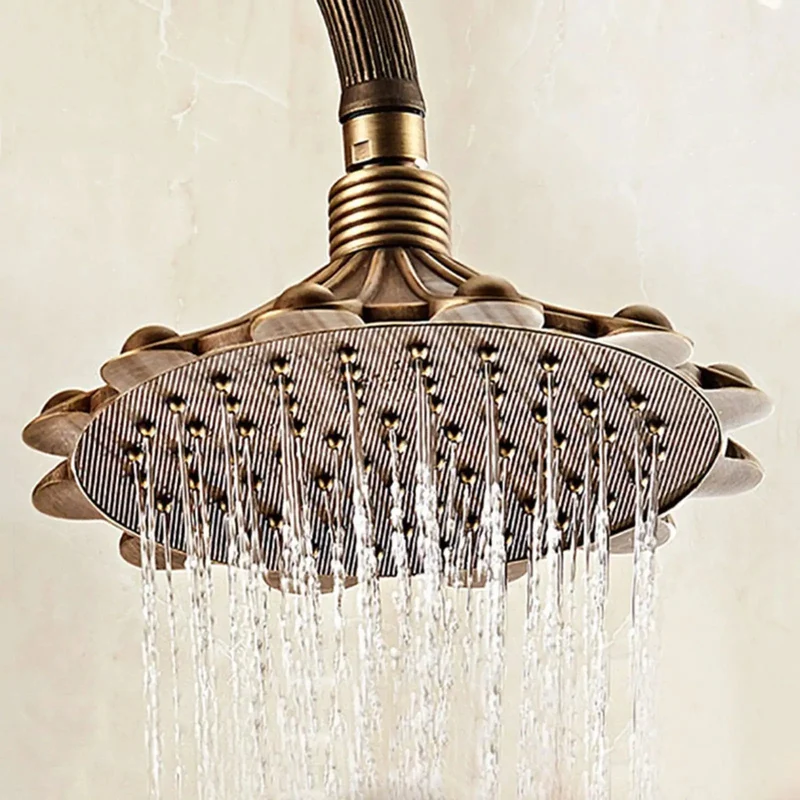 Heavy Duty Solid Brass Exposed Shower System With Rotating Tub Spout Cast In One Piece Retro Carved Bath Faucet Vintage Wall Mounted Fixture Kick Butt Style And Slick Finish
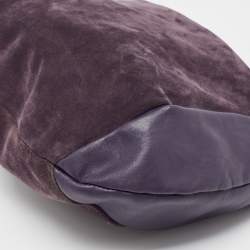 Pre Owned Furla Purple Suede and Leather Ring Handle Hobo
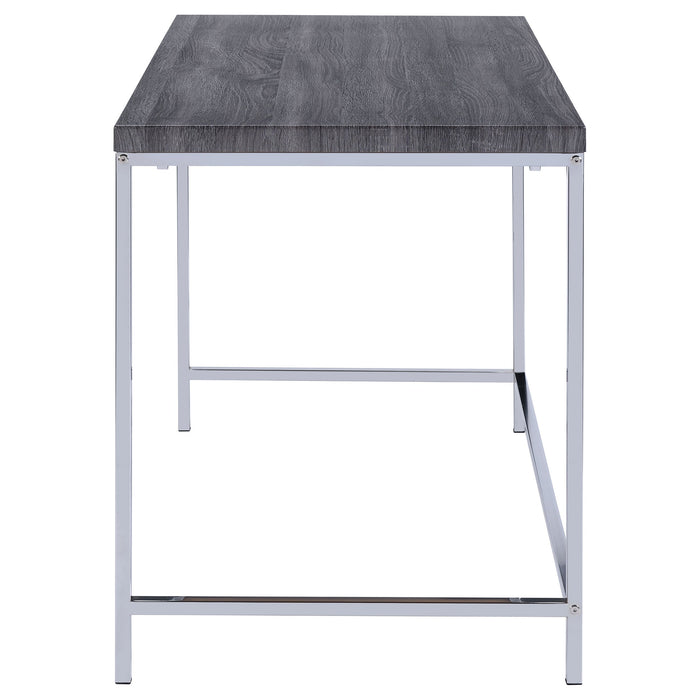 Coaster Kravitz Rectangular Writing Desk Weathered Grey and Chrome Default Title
════════════════════
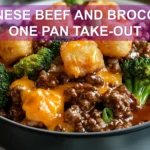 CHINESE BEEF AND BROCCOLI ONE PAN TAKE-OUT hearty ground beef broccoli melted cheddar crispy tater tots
════════════════════
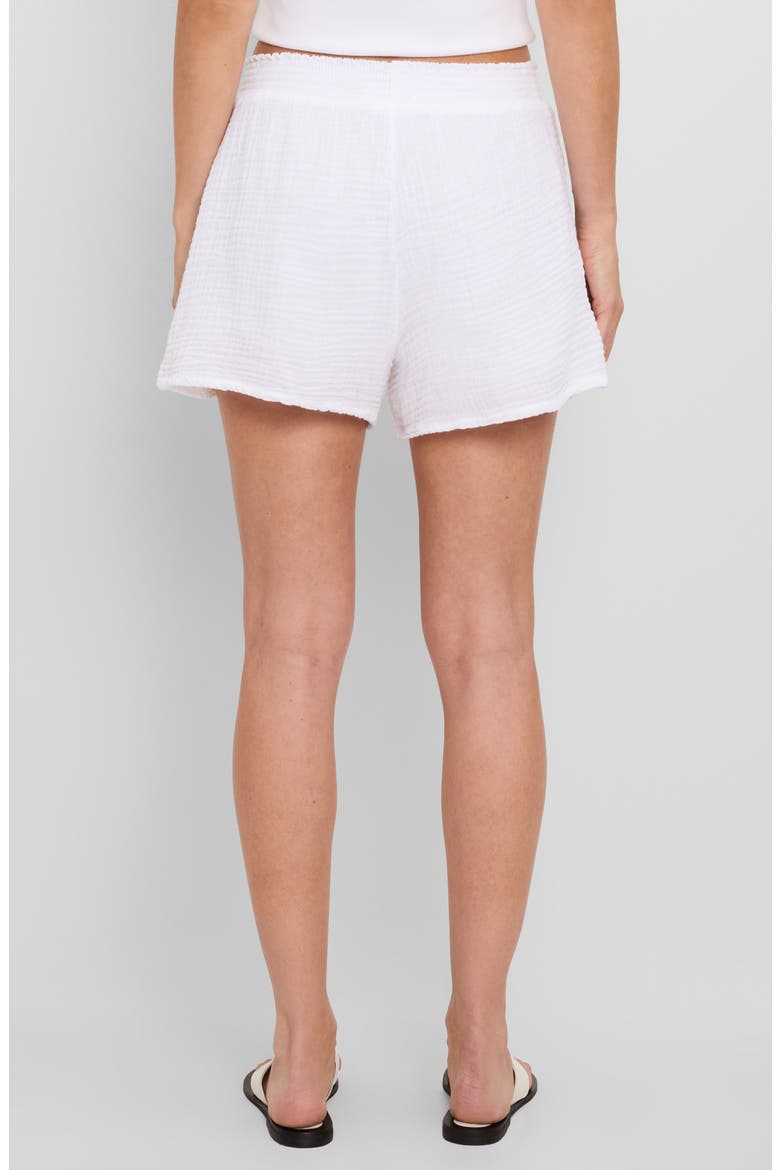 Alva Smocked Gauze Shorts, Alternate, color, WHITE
════════════════════
Try it> Word for word, restate the lines above from the one with "Heavy Duty Solid" through the one with "Coaster Kravitz Rectangular", keeping both ends and dropping the pictures.

Task result>
 Heavy Duty Solid Brass Exposed Shower System With Rotating Tub Spout Cast In One Piece Retro Carved Bath Faucet Vintage Wall Mounted Fixture Kick Butt Style And Slick Finish
 Pre Owned Furla Purple Suede and Leather Ring Handle Hobo
 Coaster Kravitz Rectangular Writing Desk Weathered Grey and Chrome Default Title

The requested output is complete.